Dean: For now, yes. But wait a minute. I haven't finished yet! You're going to get the insurance expansions. This will be incremental but it will be a serious increase. Essentially, you're going to have universal health are through Medicare for everyone over 55 (instead of 65), and you're going to expand coverage to people at the lowest end of the income scale -- including single working people who aren't covered now. That will cover a lot of young people getting out of college, too. It's far from perfect. It's not comprehensive health care reform. But it's a big step towards adding more people through well-known, well-proven government-run insurance policies. Then: put the insurance reforms that everybody agrees on in a bill. Make the Republicans vote on it. By this I mean allowing 28-year-olds to stay on their parents' policies; getting rid of the ability to discriminate against pre-existing conditions; tightening up the restrictions on what insurance companies can charge older people. Do the reforms everyone can agree on, not the insurance give-aways that are buried in the bill. Do just the basic stuff. Bring that to the floor and let the Republicans vote "no" and kill it.

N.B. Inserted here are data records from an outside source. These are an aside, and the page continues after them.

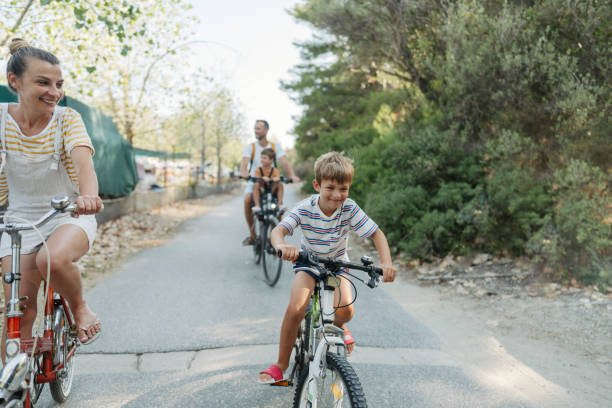 istock Young family riding bicycles in summertime 1992703056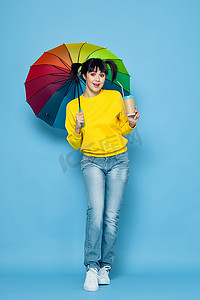 带着彩虹色雨伞摆出街头风格的快乐女人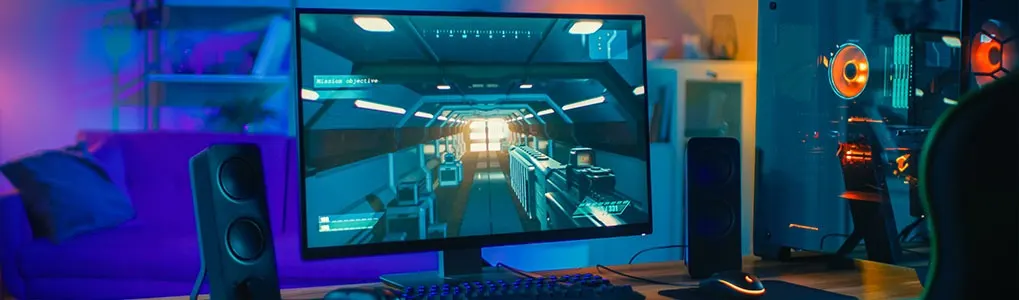 A gaming setup with a monitor showing a first-person shooter game, keyboard, mouse, speakers, and a lit-up computer tower.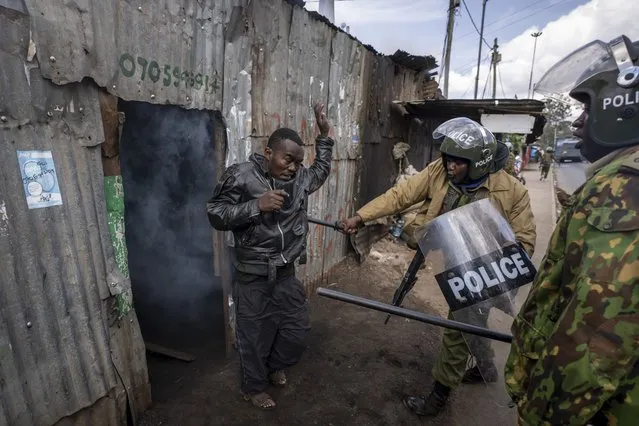Police beat a protester who had hidden in a shack, after police threw a tear gas grenade inside to force him out, in the Kibera slum of Nairobi, Kenya Monday, March 20, 2023. (Photo by Ben Curtis/AP Photo)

Let them go explain, then, in time for the election, why they killed the pre-existing conditions deal and allowing kids to stay on their parents' health care. Now, I'm not quite done yet! The last thing I want to say is that if we were to do this ... There's a huge political problem with this [proposed] bill as Massachusetts voters pointed out, and that is: if we pass the bill the way the Senate has it, it doesn't go into effect until 2013. Well, that means you have to defend -- just the way we had to defend in Massachusetts -- a bill that creates all the problems but doesn't give anybody very many people much in the way of benefits for three election cycles! The president's got to defend himself in 2012. This is an insanity from a political point of view! Congress has to defend it in 2010. If you used an expansion of Medicare/Medicaid, you could do that with people signing up two or three months after the president signs the bill. Then -- all of a sudden -- all this crap that Republicans are putting out, which is basically lies, about how terrible the bill is and how bureaucratic... All of a sudden some 56-year-old in Texas says, "Well, you know, I have health insurance under that bill and I haven't been called to see the 'death panel' yet!"
Press: Exactly!
Dean: It all goes away! Axelrod said this himself the other day. It's very true. Once you pass the bill and get people in the insurance system, all of a sudden, Voilà! All the complaints go away! Those are the three things we've gotta do. 1) Expand Medicare/Medicaid in reconciliation. 2) Put insurance reforms up for a straight vote in the Senate and the House and let the Republicans kill it if they dare. Put them on the defensive. 3) Get people signed up right away so, when we're in the election, people have already been in the program for six months and everybody understands that the stuff Republicans are saying is not true.